19) There’s a very good reason that this mural is called, “From These Waters.” In addition to the way the Skagit River has defined our valley, we also have the San Juan Islands at our doorstep. These islands, noted worldwide for the beauty of their landscapes, were originally inhabited by the peoples of the Coast Salish ethnolinguistic group.

20) Meanwhile back at the chariot races, the intrepid driver you see isn’t Charlton Heston. It’s Nawal el Saadawi, an Egyptian writer, feminist, physician, psychiatrist, and last but not least, the founder of the Arab Association for Human Rights. It probably comes as no surprise then that she was imprisoned in Egypt. What is probably more surprising is that she taught at University of Washington. Go Huskies!

21) And what’s this strange pyramid of light in the wake of a Washington State Ferry? Why, it’s the Rock & Roll Hall of Fame (into which more than a few Washington rockers have been inducted), designed by the the world famous architect I.M. Pei. Originally from China, Pei also designed the inverted pyramids at the Louvre in Paris and other internationally acclaimed buildings.

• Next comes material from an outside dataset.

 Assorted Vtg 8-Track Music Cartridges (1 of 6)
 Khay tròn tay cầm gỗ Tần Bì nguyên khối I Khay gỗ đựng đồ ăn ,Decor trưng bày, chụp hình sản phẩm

22) Speaking of halls of fame and entertainment, here’s the legendary comedic star of silent film, Charlie Chaplin — an immigrant to America from the same source as our Founders: England. A quote in the mural guide from Congressperson John Rankin seems strangely ironic: “Chaplin’s very life in Hollywood is detrimental to the moral fabric of America.” Are you talking about “the little tramp”? Say it ain’t so, John!

23) The distinguished looking gent peering out at us from the barn is Legson Kayira, who came to the Skagit Valley from the African country of Malawi. Kayira walked barefoot across Africa in his attempt to reach America and continue his education, which he did at Skagit Valley College and University of Washington. He went on to become a writer whose best known work is I Will Try.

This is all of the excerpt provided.